MICHAEL ALDRIDGE was an actor for all seasons, especially if they chanced to be at Chichester. Not a highbrow, never an experimentalist - except when he once found himself in a poetic show by Ronald Duncan and Benjamin Britten called This Way to the Tomb just after the Second World War - and always content to belong to a company without wanting to lead it, he loved the stage and the theatrical life and above all he liked people.
Which is why he spent so many years at Chichester. In the West End, where the actors in his experience went into the theatre 'in a different hole in another street' from the audience, he always felt alone. If the star went round to the box office, he once observed, they did not know who he was. But Chichester was altogether chummier. He met everyone he was working with, sometimes even the public; and there was the joy of 'working in a field with a view'.

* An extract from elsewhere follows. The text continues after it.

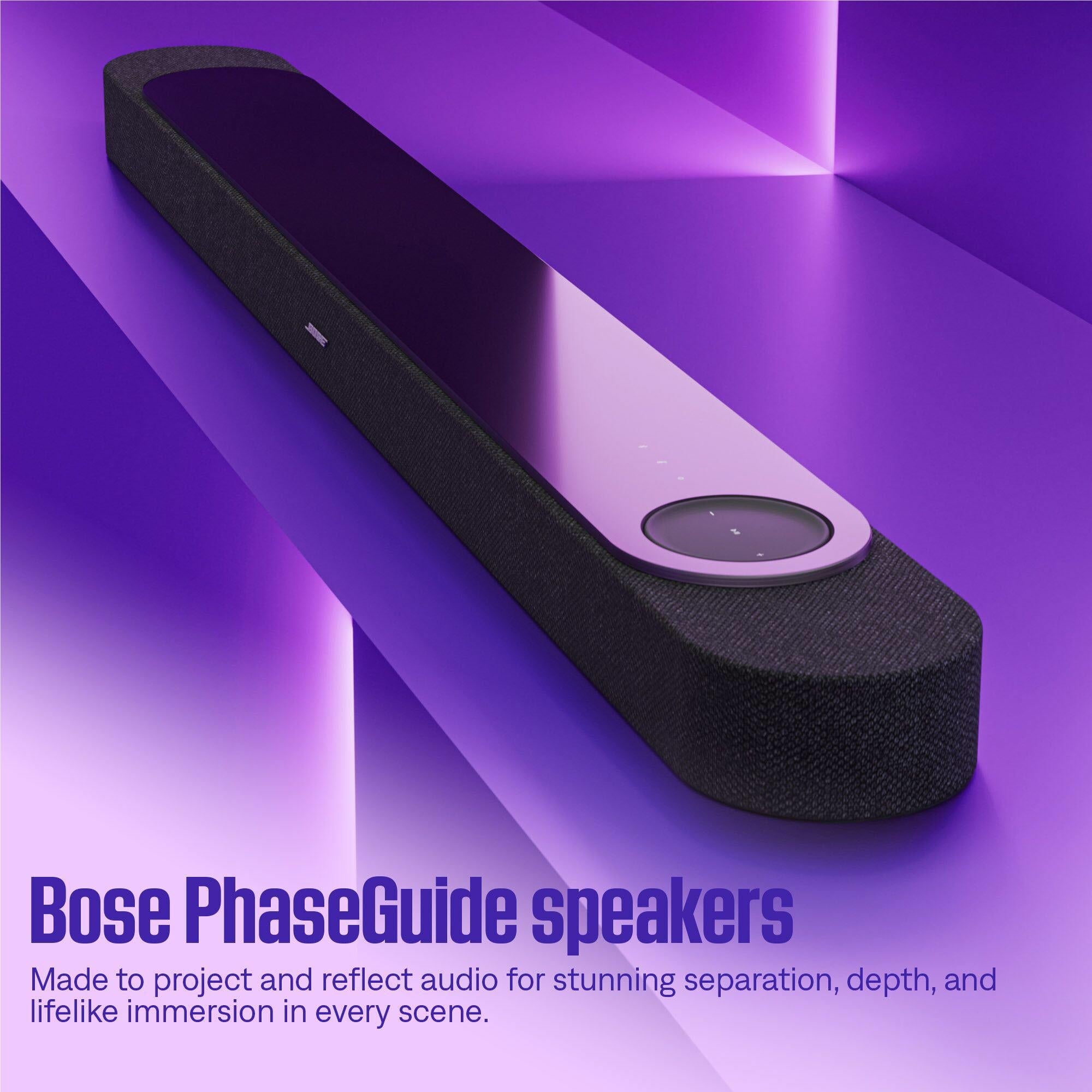 Bose Lifestyle Ultra Soundbar (White Smoke)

With his longish face, dark features, bushy hair, wry smile and expressive eyebrows, Aldridge was one of the most sympathetic players of his generation. He might not mean to but he could not help being liked, whether in Ayckbourn or Pinero, Shaw or Anouilh, Ibsen or Rattigan, Chekhov or Lonsdale.

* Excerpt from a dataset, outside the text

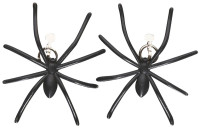 1 Paar 8-Beinige Spinnen Ohrringe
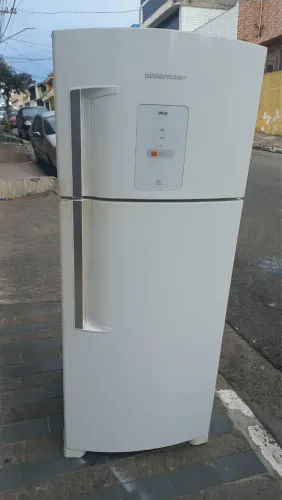 Geladeira Brastemp ative frost free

In Shakespeare, unsurprisingly, he made quite an impression as Horatio to Michael Redgrave's Hamlet, with whom he toured with the Old Vic Company in 1950 to Elsinore. Twenty years later, when Antony and Cleopatra cropped up at Chichester with John Clements and Margaret Leighton, he was cast as Enobarbus (who else?).
When the Royal Shakespeare Company started up The Other Place to prove that Shakespeare or Chekhov could be as good if not better under our noses as on a main stage, Aldridge gave us a taste of Prospero's powers in the opening scene to remind us who had invented the storm; and he went on to make, again, a very reasonable and human figure of the sometimes villainous Serebriakov to Nicol Williamson's Uncle Vanya, who was so close to some of us he might have offered round a glass from the simmering samovar.
Aldridge was not however afraid of big stages or, it appeared, of any authors in the main classical stream such as he found habitually at Chichester; and he had nothing against musical comedy.
Back in the 1950s he hopped, skipped and jumped merrily about for over three years at the Vaudeville in the 'cult' musical comedy Salad Days, and its less successful successor, Free As Air; and if he came unstuck as Jeeves in the title role of a fateful collaboration between Andrew Lloyd Webber and Alan Ayckbourn, he had the right, light touch for Relatively Speaking (Greenwich, 1986) and Bedroom Farce, which the National Theatre transferred to the West End.
And in Ben Travers's last West End play, The Bed Before Yesterday (Lyric, 1976), Aldridge had the pleasure of reassuring its author, who as a school governor had watched his schoolboy Toby Belch with misgivings, that the theatre hadn't been such a bad choice after all.
Inevitably he will be remembered most widely for his work in television, especially in Tinker Tailor Soldier Spy, Love for Lydia and The Last of the Summer Wine, in which of course he found himself completely at home in television's equivalent of a permanent acting company.
Not many of them about in the theatre any more, but Aldridge made the best of the system whenever he came across it and the system always profited from his graceful presence.